Opinión

La decencia

Por Juan José Rodríguez Prats

Un político profesional nunca evade la oportunidad de asumir un liderazgo


Un político profesional nunca evade la oportunidad de asumir un liderazgo. No es ambición desbordada, es el deber de servir. Los deberes no se cuestionan, se cumplen. Es un bien que obliga, expresaba reiteradamente el maestro Juan de Dios Castro. Actualmente, una verdad nos atribula: el mundo y México viven una patética crisis política causada por una pérdida de eticidad.

Acudo a un experimentado hombre de Estado, Tony Blair: “En la política de hoy día las presiones son tan intensas, las críticas tan brutales y el encono tan arbitrario, que corremos el grave riesgo de crear una situación en la que las personas ‘normales’ sean propensas a marcharse dejando su lugar a personas patológicamente ambiciosas y un tanto excéntricas”.
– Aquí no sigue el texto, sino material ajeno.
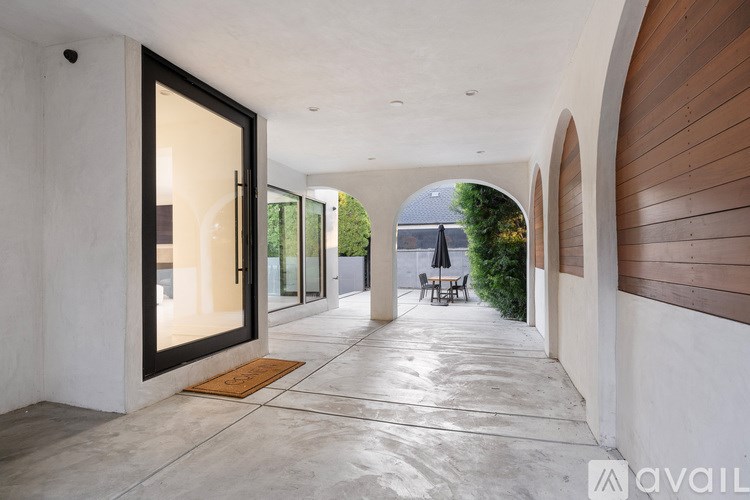 A modern house with a long hallway and a door on the left.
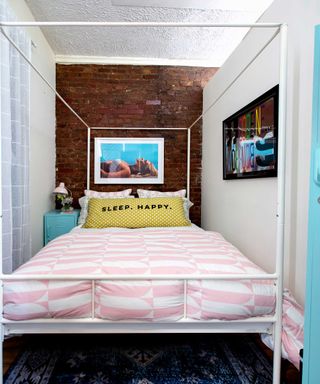 small bedroom in New York apartment with exposed brick wall and white four poster bed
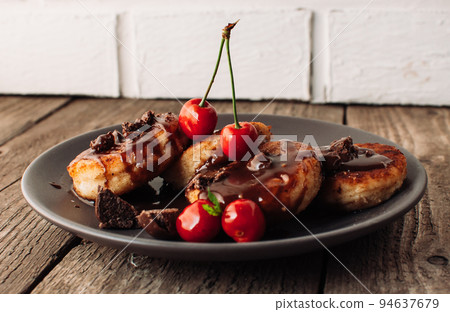 Breakfast Food Tasty Concept. Cheesecakes, cheesecakes, curd pancakes with cherries and chocolate on a black background from a concrete table and a white brick wall. Close-up.Healthy Food 94637679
No se puede hacer democracia sin política y no se puede hacer política sin decencia. Ser decente es hacer lo debido. Comportarse con decoro, que implica tener honor y cuidado de la conducta de uno mismo. Consiste en tratar al prójimo como nos gustaría que nos trataran a nosotros.

Obvio es decir que nuestra vida pública tiene un notorio déficit de decencia. Basta asomarse a las famosas mañaneras o a las sesiones de nuestras asambleas legislativas para confirmarlo. Carecemos de un auténtico ambiente parlamentario. La posibilidad de entendimiento está debilitada.

Hace muchos lustros la comunicación entre sí de la clase política y con la ciudadanía está pervertida. Se asomó en el periodo conocido como el PRIAN, pero ha sido ignominiosamente estigmatizada. Ni siquiera coincidimos en las reglas básicas para disputar el acceso al poder. Nuestro derecho electoral, consecuencia de intereses partidistas, es una maleza de entresijos. Como bien lo dice Juan Rico y Amat en su divertido Diccionario de los políticos, hemos hecho de la política “un insondable maremágnum donde corren el riesgo de anegarse las sociedades modernas”. No hay de otra. Necesitamos de la decencia, que es esencialmente honestidad, trato amable, respeto a la verdad y a sus consecuencias. Humanismo, pues.

Describamos nuestra sucia realidad. No intento victimizarme ni hacer señalamientos. Es una obligación dar a conocer a la opinión pública lo que acontece en la lucha por el poder. En 1994, Andrés Manuel López Obrador y un servidor fuimos candidatos a la gubernatura de Tabasco. Ambos sufrimos el avasallamiento de lo que en ese entonces considerábamos la más primitiva y deprimente práctica de la manipulación de la voluntad ciudadana.

Hoy vivimos, por mucho, una de la más deplorable degradación de las más elementales normas éticas y legales en el proceso electoral. Nunca como en la actualidad el derroche de recursos ha sido tan ostentoso. Tan sólo con la propaganda que llega hasta el último rincón de nuestro territorio se han rebasado los topes fijados por las autoridades.

Aquellos tiempos en que las señoras preparaban tortas y se trazaban rutas para conducir a quienes participaban en el cuidado de casillas son suspiros nostálgicos. Hoy esas tareas están expuestas a subasta.

López Obrador nunca fue diputado ni senador. Eso sí, ha mandado al Congreso a personajes totalmente alejados del perfil de representante popular. Para él, las funciones del Poder Legislativo son totalmente inocuas. Ésa es la razón del llamado a votar sin discernimiento alguno por todos los candidatos del partido en el poder. El propósito no es convencer con ideas, sino aplastar cuantitativamente a la oposición. Hay que evitar, piensan ellos, la integración de órganos colegiados que vigilen el desempeño del Poder Ejecutivo y la observancia de la ley.

En resumen. Nos abruman los contundentes números que indican el fracaso de las políticas públicas. Hay un daño casi intangible (el más grave), el daño espiritual a los mexicanos cercenados en su conciencia para resolver el eterno dilema de lo bueno o lo malo.

Enorme desafío reconstituir la decencia para reconciliar a los mexicanos.